The process to complete revisions on both versions at the same time, which I recommend only to the most masochistic of bilingual writers, went something like this:
- Write the story in Dutch.
- Submit the Dutch version to the Harland Awards.
- Create an English translation.
- Submit the English translation to my online writers group, the Villa Diodati Expat Writers Workshop.
- Strand in 19th place in the Harland Awards, and receive a ton of harsh and not too useful feedback in the judges’ report.
- Receive a ton of similar, but useful feedback from Villa Diodati.
- Begin to edit the English version because the deadline for the Dutch version is approaching rapidly.
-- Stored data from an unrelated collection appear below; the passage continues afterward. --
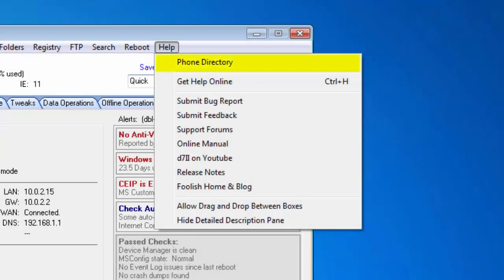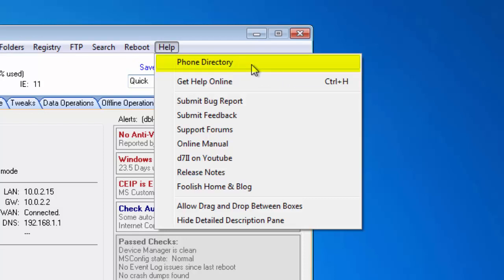Did you know that D7-2 has a phone directory? The phone directory, available in the Help menu, is convenient to store any phone numbers that you would need to frequently access.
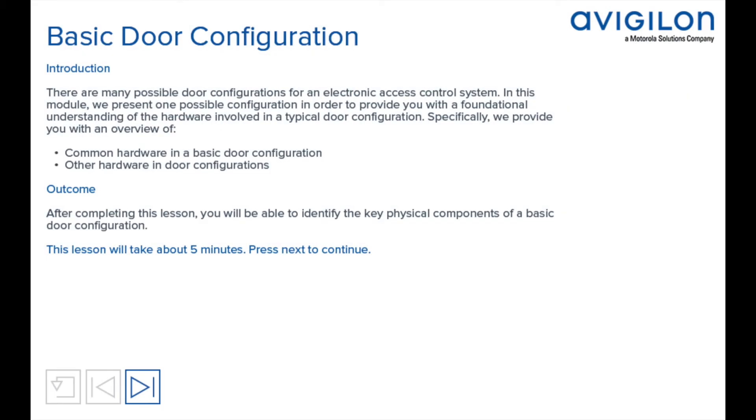There are many possible door configurations for an electronic access control system. In this module, we present one possible configuration in order to provide you with a foundational understanding of the hardware involved in a typical door configuration.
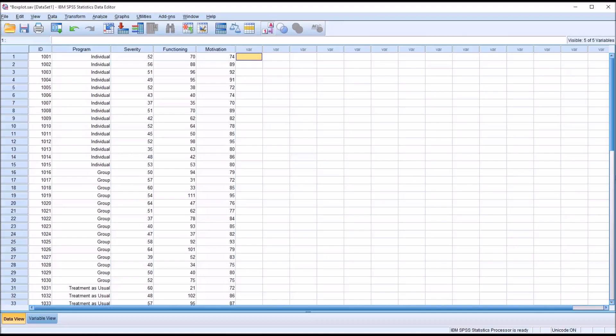Hello, this is Dr. Grande. Welcome to my video on creating and interpreting box plots using SPSS. Oftentimes in counseling research, when analyzing variables, we want to get an idea of how the values in a variable are distributed and identify any outliers that may be in that variable. Box plots can help us to do that.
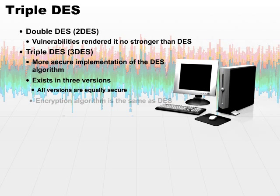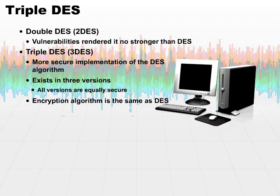Regardless, the encryption algorithm is the same in all three different versions. It's the same as the original DES algorithm. It's just applied three times.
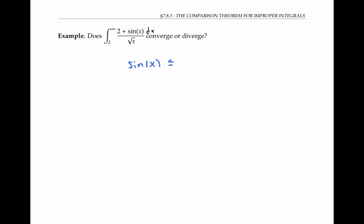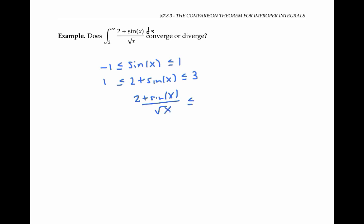Let's look at an example. Suppose we want to find out if the integral from two to infinity of (two plus sine x) over square root of x dx converges or diverges. Instead of trying to evaluate it, which could get tricky because of the sine x and the square root of x, I'm going to try to compare it to something that I know converges or diverges. The first thing I notice is that sine of x is bounded — it's always between negative one and one — and that means the numerator two plus sine x is always going to be between one and three. Therefore, the function (two plus sine x) over square root of x is going to be between one over square root of x and three over square root of x.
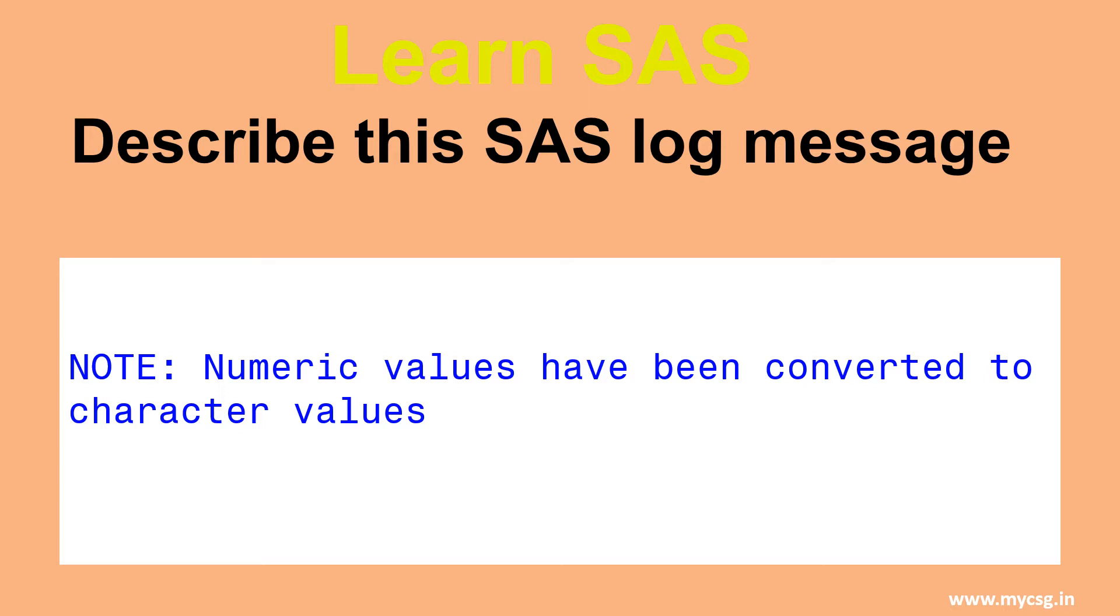We are discussing this note because it is not considered acceptable to be present in the log file in some domains where SAS is used. For example, in clinical SAS programming, it is strictly considered unacceptable.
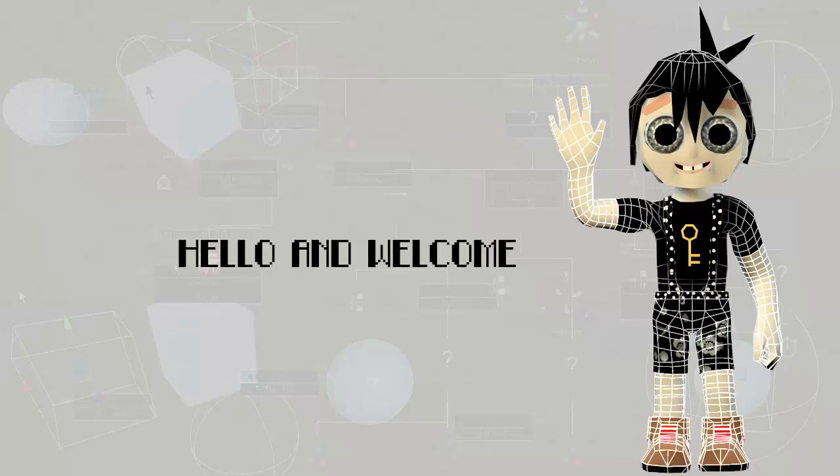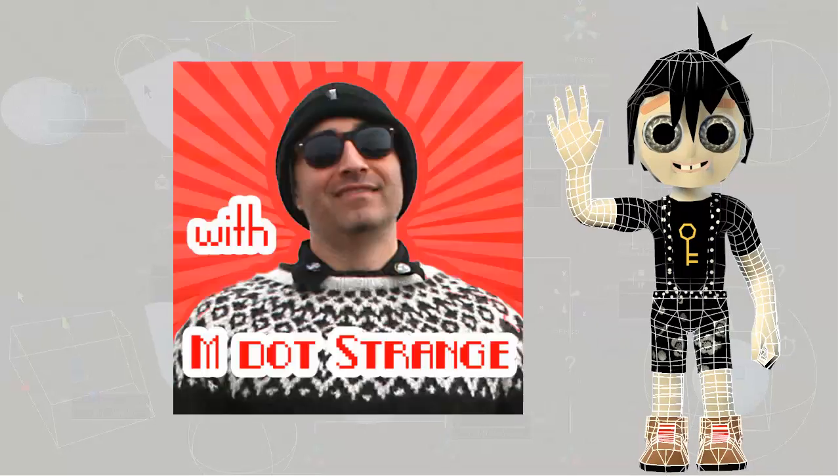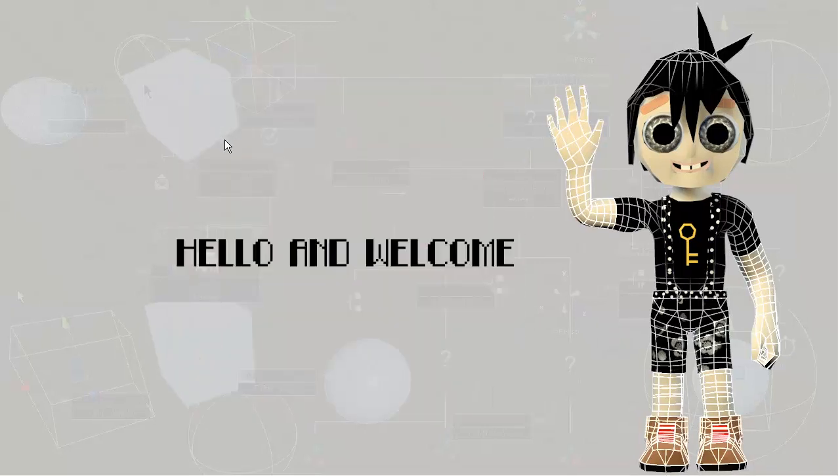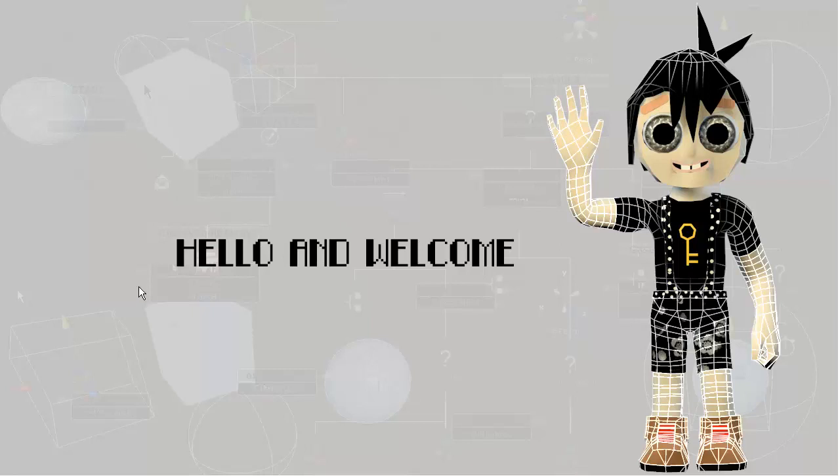Hello and welcome to Intro to Game Dev with M.Strange. That's me. In this course you're going to get a non-technical introduction to all the essential concepts and things you need to understand to make your own video games.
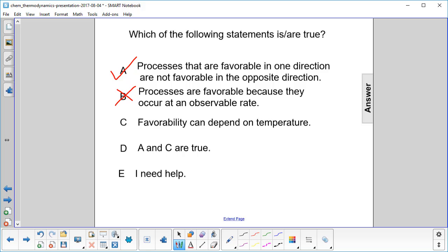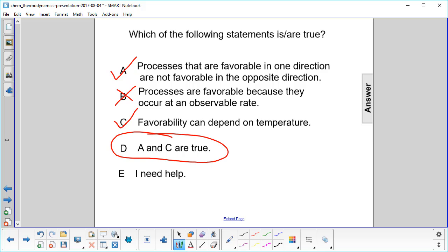Their favorability can depend on temperature. Absolutely. So then what we have is A and C are true, so the answer is D.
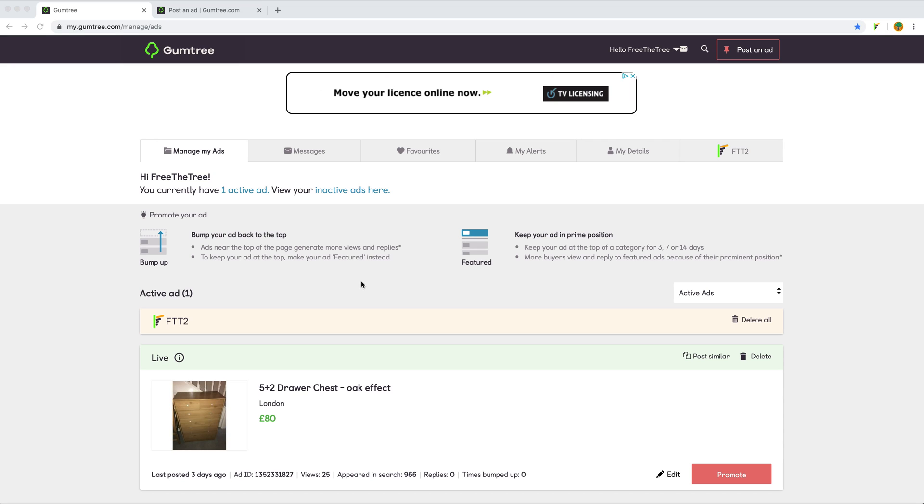I'm on the manage my ads section in Gumtree, and I have one live advert I posted three days ago. When I was posting it, I decided to save it to 3D3.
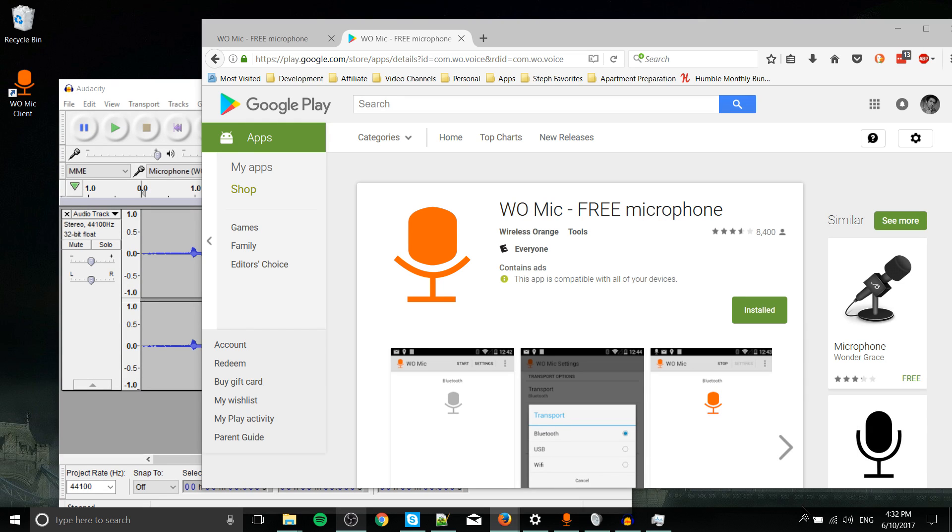Hello everybody, Chris here. In this video I want to show you how you can take your Android phone and convert it into a microphone that you can actually use on your computer. Using the app WOMike, it's possible to connect through both Wi-Fi and Bluetooth.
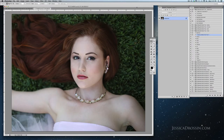Hello, my name is Jessica Drossen and I create textures, actions, and overlays for photographers. Today I'm going to demonstrate one of the many ways that you can use tints from my Beautiful World collection of actions and overlays.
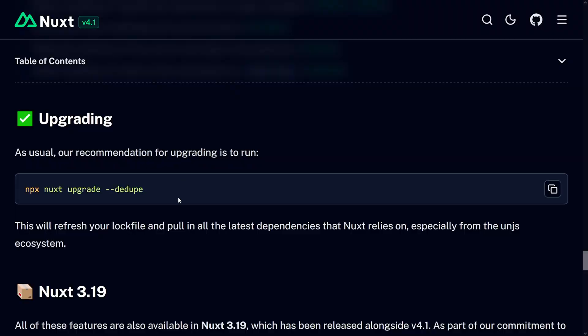So what does it mean for you? If you see that you should use `npx nuxi upgrade --dedupe` or `pnpm dlx nuxi upgrade --dedupe`, I would recommend you do so because it is the easiest way to upgrade to the latest version. You will have no issues with conflicts using different versions of, say, ofetch, defu, destr, unhead, etc., and you'll get fewer dependencies that still fit all the constraints.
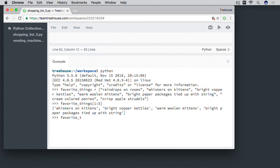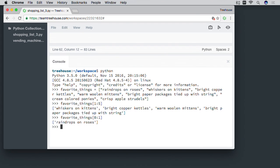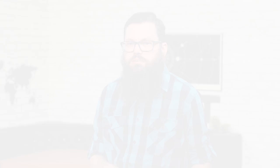You'll also learn about one of Python's favorite features — slices — which lets you pull out bits and pieces of lists, strings, and tuples. And you'll learn how to accept arbitrary amounts of parameters in your functions. By the end of this course, you'll have a great collection of techniques and tips to add to your Python toolbox.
- Complete the edits to the English version in time for a final round of critique.
- Realize too late that I now need to track down all English-language edits in order to apply them to the Dutch version as well.
- Bless Microsoft Word‘s Compare Documents feature and the fact that I still possessed both the Villa Diodati version and the revised version.
- Use the Compare result to identify all edits, and painstakingly apply them, with modifications if necessary, to the Dutch version.
- Complete the revision of the Dutch version this way.
- Get the results of the final critiques on the English version back.
- Apply the feedback to both versions simultaneously.
- Submit!
The only way I’m ever touching this story again is if an editor buys it and asks for edits. Other than that, I am now officially so sick of it that my doctor recommends I refrain from even looking at the file icon on disk.